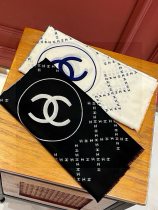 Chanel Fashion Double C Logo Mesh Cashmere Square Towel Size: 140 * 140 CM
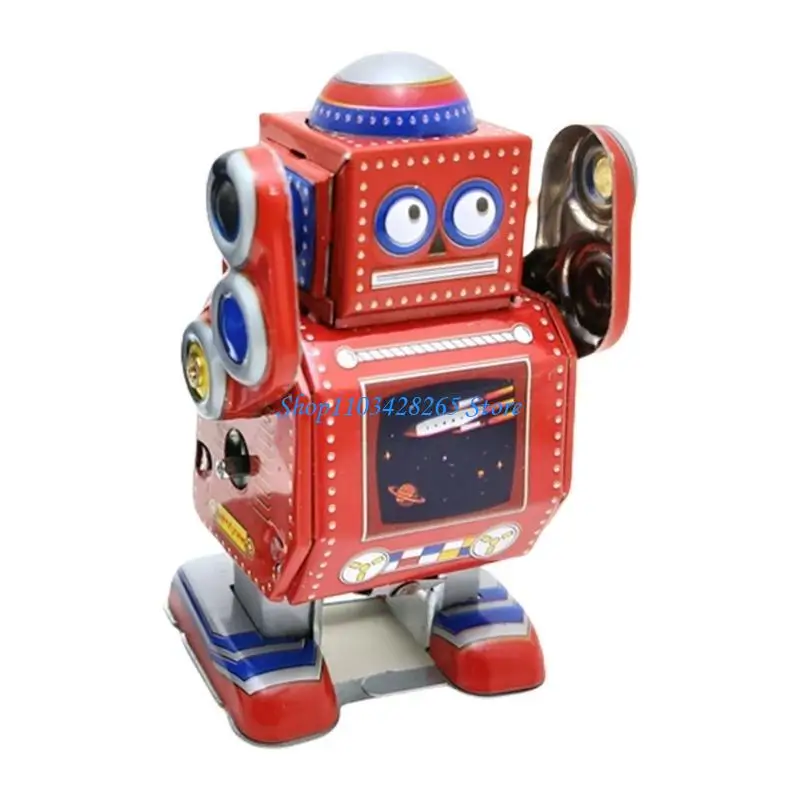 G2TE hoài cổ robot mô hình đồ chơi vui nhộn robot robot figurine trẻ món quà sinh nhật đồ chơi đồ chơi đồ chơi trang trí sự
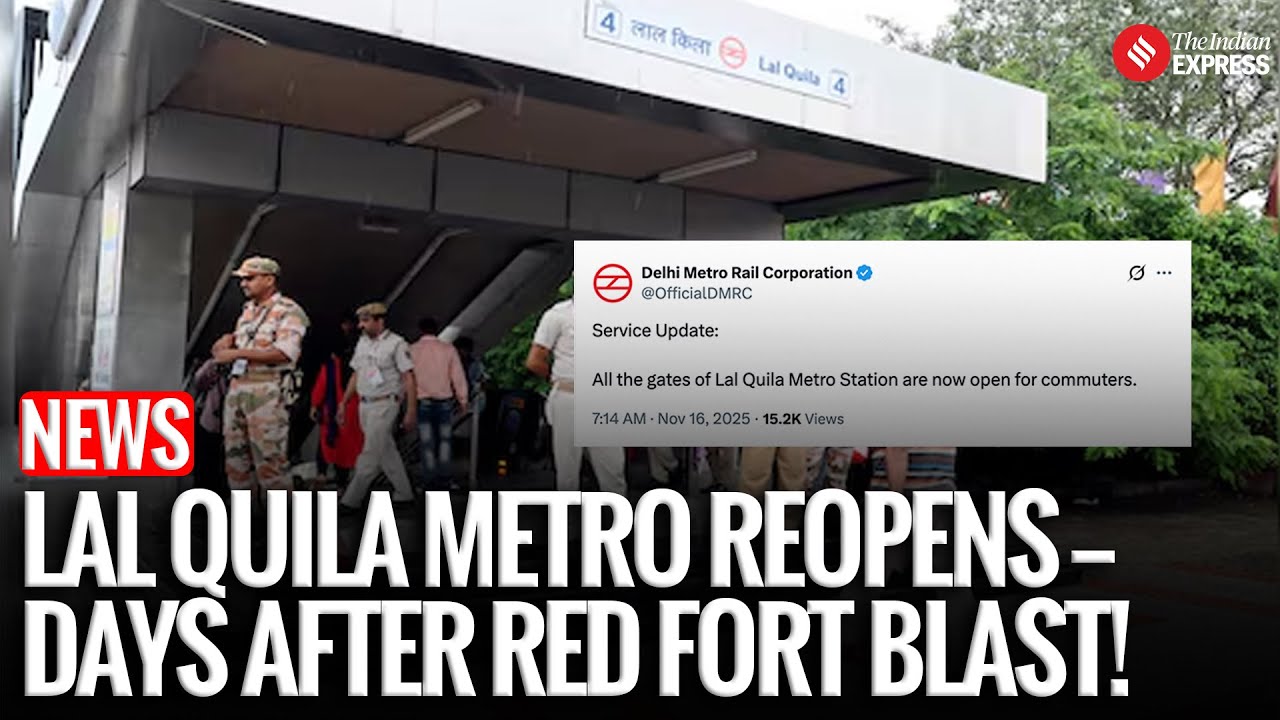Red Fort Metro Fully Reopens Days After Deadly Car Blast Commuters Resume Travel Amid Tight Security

* * *

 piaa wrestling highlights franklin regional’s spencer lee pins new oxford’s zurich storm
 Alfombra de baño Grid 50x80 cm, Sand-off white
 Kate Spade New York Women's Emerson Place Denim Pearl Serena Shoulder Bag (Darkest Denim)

* * *

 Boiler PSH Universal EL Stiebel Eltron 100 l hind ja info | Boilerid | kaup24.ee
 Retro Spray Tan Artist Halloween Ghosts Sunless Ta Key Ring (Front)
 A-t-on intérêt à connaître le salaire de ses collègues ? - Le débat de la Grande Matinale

* _About this exercise_
Take exactly the lines from the one containing "piaa wrestling highlights" through the one containing "Kate Spade New" in the data above, and output them with nothing added.

* _Output_
 piaa wrestling highlights franklin regional’s spencer lee pins new oxford’s zurich storm
 Alfombra de baño Grid 50x80 cm, Sand-off white
 Kate Spade New York Women's Emerson Place Denim Pearl Serena Shoulder Bag (Darkest Denim)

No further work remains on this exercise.